Import data from MaxCompute using an external table - ApsaraDB for ClickHouse

Use an external table to read MaxCompute data directly in ApsaraDB for ClickHouse, then insert it into a local distributed table. This page applies to clusters running kernel version 19.15.2.2.

Prerequisites

Before you begin, ensure that you have:

An ApsaraDB for ClickHouse cluster running kernel version 19.15.2.2
A MaxCompute project and table with the data you want to import
An AccessKey ID and AccessKey secret with read permissions on the MaxCompute project and table
MaxCompute deployed in the same region as your ApsaraDB for ClickHouse cluster
The Virtual Private Cloud (VPC) tunnel endpoint for MaxCompute in that region (see Endpoint)

Note The tunnel endpoint must be a VPC endpoint, not a public endpoint. Using a public endpoint prevents the cluster from connecting to MaxCompute.

Import data

The import process has three steps: create an external table that maps to MaxCompute, create the destination table, then insert the data.

Step 1: Create an external table

Log on to your ApsaraDB for ClickHouse cluster and run the following statement, replacing the placeholder values with your own:

CREATE TABLE default.odps_src_tbl ON CLUSTER default
(
    `shop_name`    String,
    `customer_id`  String,
    `total_price`  Float64
)
ENGINE = MaxCompute(
    'http://dt.cn-shanghai.maxcompute.aliyun-inc.com',  -- VPC tunnel endpoint
    'test_project',                                      -- MaxCompute project name
    'test_tbl',                                          -- MaxCompute table name
    'sale_date=2020-09-01,region=beijing',               -- partition spec
    '<your-access-key-id>',                              -- AccessKey ID
    '<your-access-key-secret>'                           -- AccessKey secret
);

Note The ON CLUSTER default clause is optional. Include it only if you are running a multi-node cluster and want the table to be created on all nodes.

The ENGINE = MaxCompute(...) parameters are positional and must appear in this order:

Parameter	Description
`tunnel-endpoint`	VPC tunnel endpoint for MaxCompute. MaxCompute must be in the same region as the ApsaraDB for ClickHouse cluster.
`project-name`	Name of the MaxCompute project.
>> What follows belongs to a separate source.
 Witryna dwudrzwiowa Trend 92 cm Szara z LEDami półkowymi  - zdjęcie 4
Must match the project name exactly as it appears in MaxCompute.
`table-name`	Name of the MaxCompute table. Must match the table name exactly as it appears in MaxCompute.
`partition-spec`	Partition to read. Partitions are required. The expression must not contain spaces or single quotation marks (`'`). To specify multiple partitions, use comma-separated key-value pairs, for example: `sale_date=2020-09-01,region=beijing`.
`access-key-id`	AccessKey ID of an account with read permissions on the MaxCompute project and table.
`access-key-secret`	AccessKey secret of the same account.
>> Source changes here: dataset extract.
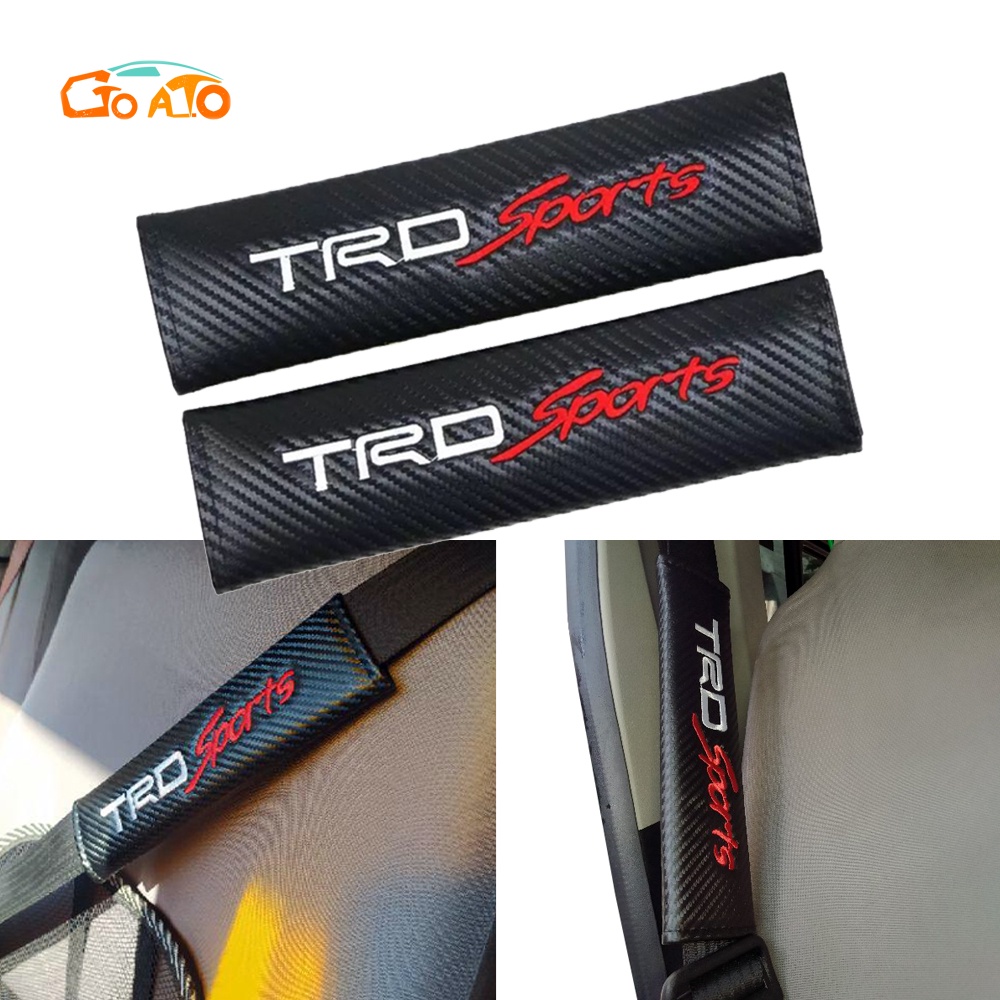 GTIOATO Cho TRD Sport BọC DâY An ToàN Xe HơI DâY Đai An ToàN Ô Tô Đệm Bọc Dây Đai An Toàn Xe Hơi Sợi Carbon ChốT CàI DâY An ToàN Xe Ô Tô Phụ KiệN Ô Tô Cho Toyota CHR Raize Corolla Cross Rush Fortuner Yaris Innova Vios Prius C Wigo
Column names and data types in the external table must match the corresponding columns in the MaxCompute table. For the supported type mappings, see Data type mapping.

Step 2: Create the destination table

Create a local MergeTree table and a distributed table on top of it:

-- Local table
CREATE TABLE default.odps_dst_tbl_local ON CLUSTER default
(
    `shop_name`    String,
    `customer_id`  String,
    `total_price`  Float64
)
ENGINE = MergeTree()
ORDER BY customer_id;

-- Distributed table (used for writes and queries across the cluster)
CREATE TABLE default.odps_dst_tbl_dist ON CLUSTER default
AS default.odps_dst_tbl_local
ENGINE = Distributed(default, default, odps_dst_tbl_local, rand());

Step 3: Insert the data

Insert data from the external table into the distributed table:

INSERT INTO odps_dst_tbl_dist SELECT * FROM odps_src_tbl;

After the insert completes, query the distributed table to verify the data was imported correctly.
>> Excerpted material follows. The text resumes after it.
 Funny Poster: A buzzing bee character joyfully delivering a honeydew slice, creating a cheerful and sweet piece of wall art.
Data type mapping between MaxCompute and ApsaraDB for ClickHouse

When creating the external table, map each MaxCompute column type to its corresponding ApsaraDB for ClickHouse type:

MaxCompute type	ApsaraDB for ClickHouse type
boolean	UInt8
tinyint	UInt8, Int8
smallint	UInt16, Int16
int	UInt32, Int32
bigint	UInt64, Int64
float	Float32
double	Float64
char	String
varchar	String
binary	String
string	String
date	UInt16
datetime	UInt32
UUID	Not supported
INTERVAL	Not supported
Decimal	Not supported
Timestamp	Not supported
Composite data type	Not supported